September 1, 2017

Editorial

The sin of racism

“Racism is a sin: a sin that divides the human family, blots out the image of God among specific members of that family, and violates the fundamental human dignity of those called to be children of the same Father. Racism is the sin that says some human beings are inherently superior and others essentially inferior because of races.”

That’s a quotation from the pastoral letter on racism written by the U.S. bishops in 1979. Since that time, many improvements have been made in our society, and many African‑Americans and people of other races and ethnicities have made progress.

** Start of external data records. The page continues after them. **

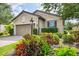 Beautiful home featuring lush landscaping, an inviting exterior, and a paved driveway at 5117 Serata Dr, Bradenton, FL 34211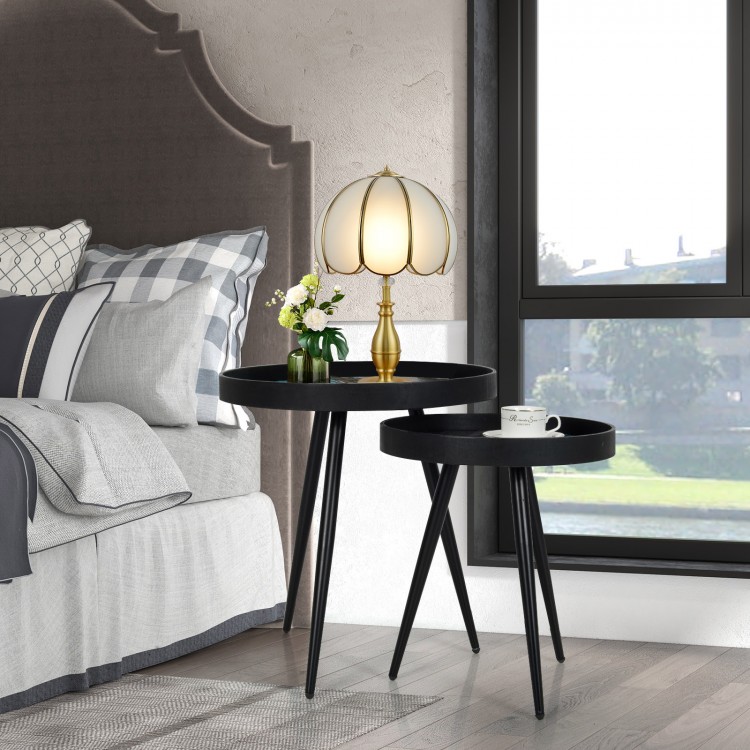 Set of 2 black nesting end tables with wooden tray tops and steel legs, perfect for modern living spaces and easy to.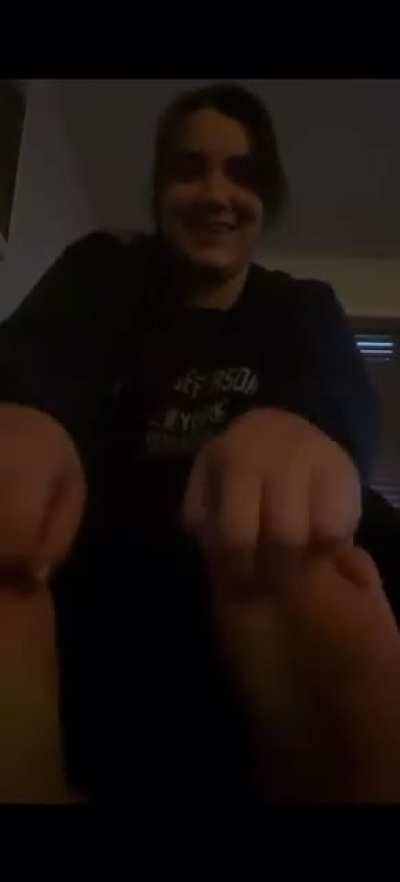 Girl tickles boyfriend’s feet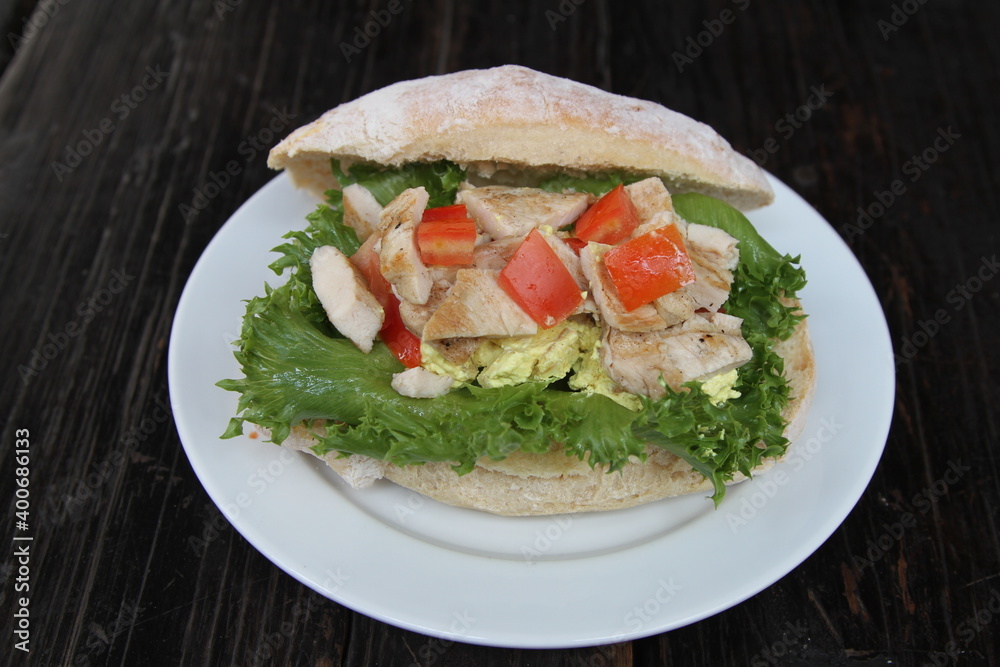 Italian ciabatta roll with grilled chicken, tomatoes, lettuce and mustard cream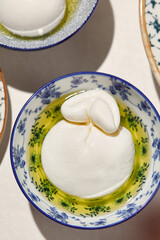 Aesthetic composition with burrata cheese and mozzarella in olive oil. Fresh burrata and mozzarella cheese in ceramic bowl. Italian cuisine. Dairy cheese: mozzarella buffalo and creamy burrata.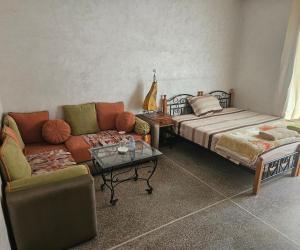 a living room with a couch and a couch and a table at Centre-ville rabat in Rabat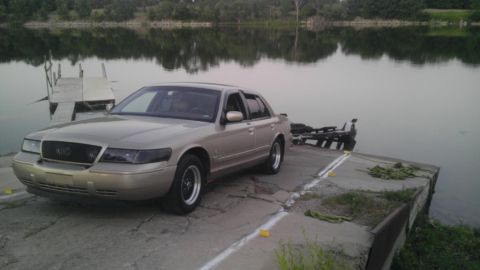 2000 Mercury Grand Marquis - Gold 2000 Mercury Grand Marquis sedan parked on a boat ramp by a lake.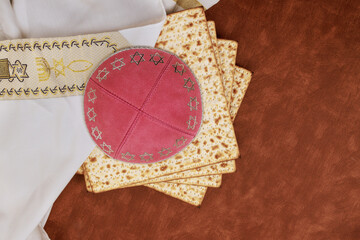 Passover unleavened bread Matzah is part of traditional Jewish ritual, kippah tallit are symbols of...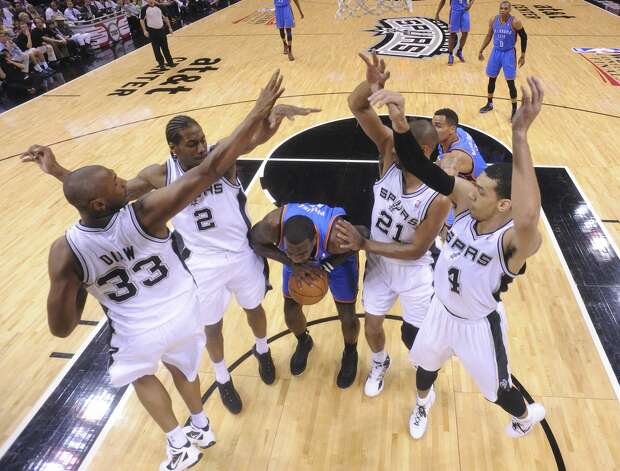 Oklahoma City Thunder's Kendrick Perkins (5) is under pressure from San Antonio Spurs' Boris Diaw (33), San Antonio Spurs' Kawhi Leonard (2), San Antonio Spurs' Tim Duncan (21) and San Antonio Spurs' Danny Green (4) during the first half of game two of the NBA Western Conference Finals in San Antonio, Texas on Tuesday, May 29, 2012. Edward A. Ornelas/Express-News (Edward A. Ornelas / San Antonio Express-News) / SA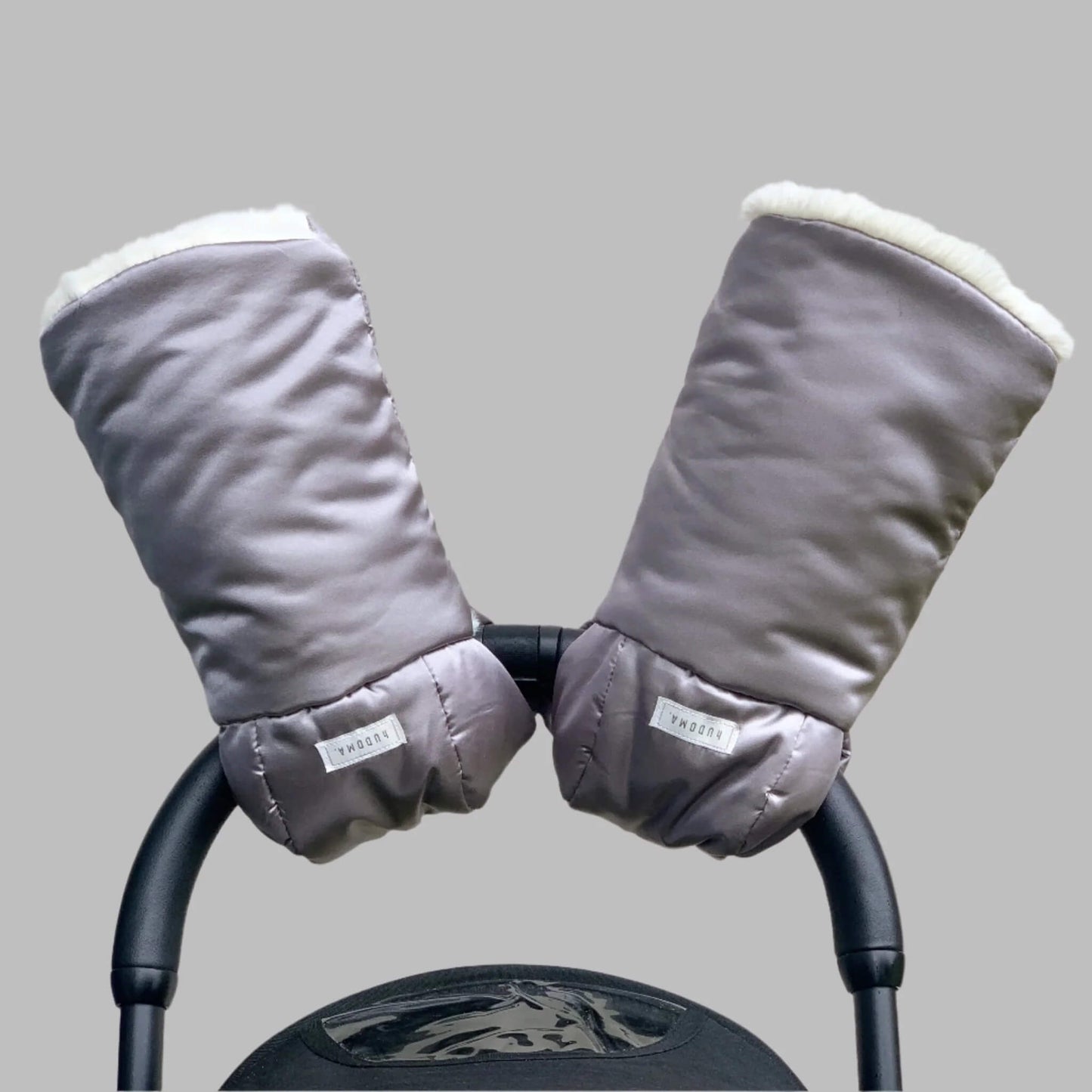 A pair of hUDOMA Pram Gloves in SoHo Silver attached to a black pushchair handle, lined with soft white fleece for comfort and warmth.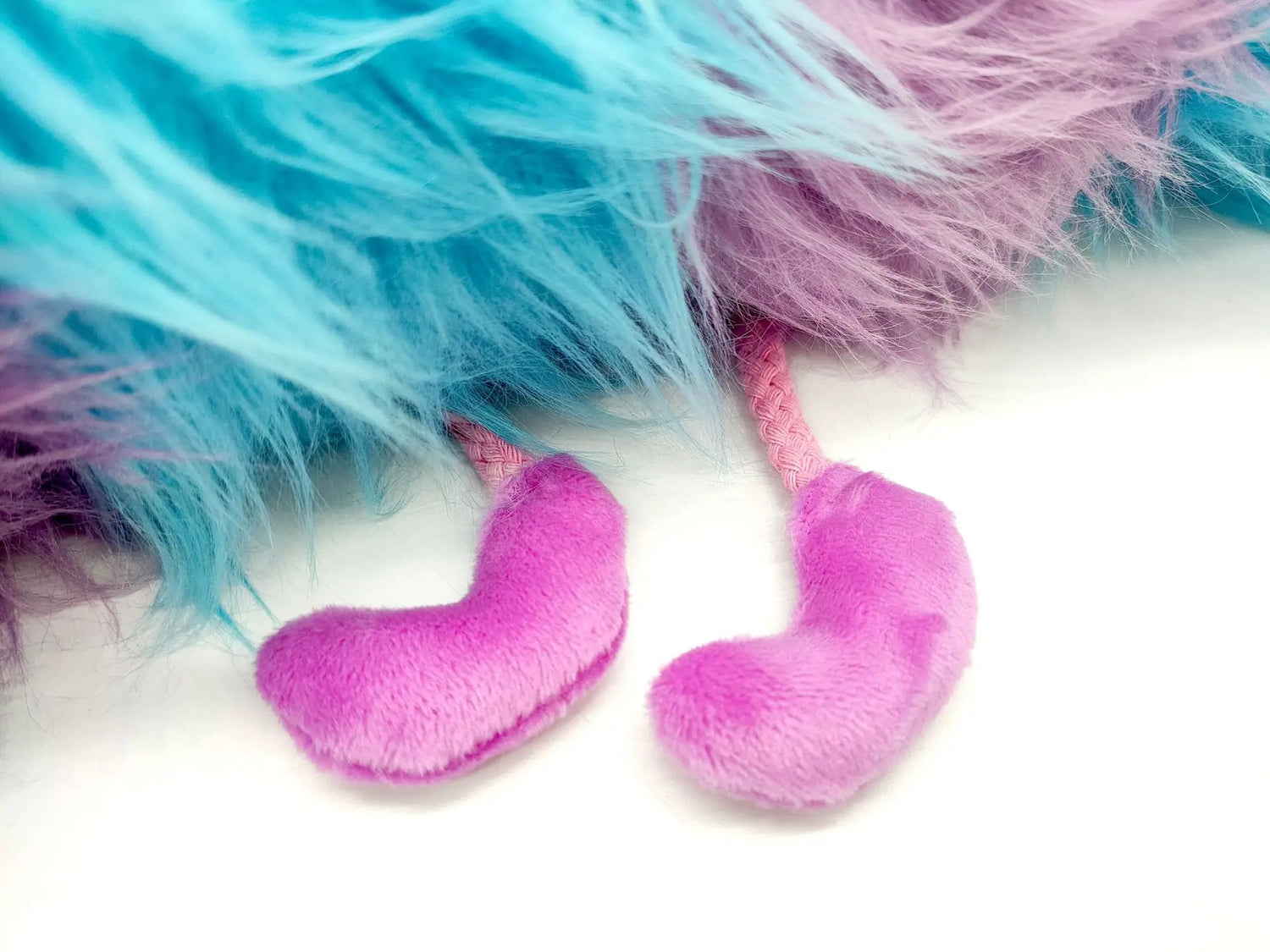 Close-up of the cute legs of a blue purple caterpillar plush toy for kids with fluffy texture.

Now, however, “Recent events have exposed the extent to which the sin of racism continues to afflict our nation,” said Cardinal Daniel N. DiNardo of Galveston-Houston, president of the U.S. Conference of Catholic Bishops (USCCB).

To combat the sin of racism, Cardinal DiNardo announced on Aug. 23 the formation of a new Ad Hoc Committee Against Racism for the conference. We believe that we need such a committee; in fact, it is probably overdue.

We hope that the committee will focus not only on race, but on all discrimination because the bishops’ 1979 letter said, “Every form of discrimination against individuals and groups—whether because of race, ethnicity, religion, gender, economic status, or national or cultural origin—is a serious injustice which has severely weakened our social fabric, and deprived our country of the unique contributions of many of our citizens.”

Those white supremacists who marched in Charlottesville, Va., were chanting, “Jews will not replace us.” Such bigotry as that must also be condemned.

St. Paul taught us that we are all equals. “There is neither Jew nor Greek, there is neither slave nor free person, there is not male and female; for you are all one in Christ Jesus” (Gal 3:28).

We must be honest, though, and admit that members of the Catholic Church have not always lived up to what St. Paul taught. Before Augustus Tolton, the first African-American priest, was ordained in 1886, he couldn’t find a seminary in the United States that would admit him. He had to study in Rome. Many Catholic churches continued to be segregated until the Civil Rights Movement.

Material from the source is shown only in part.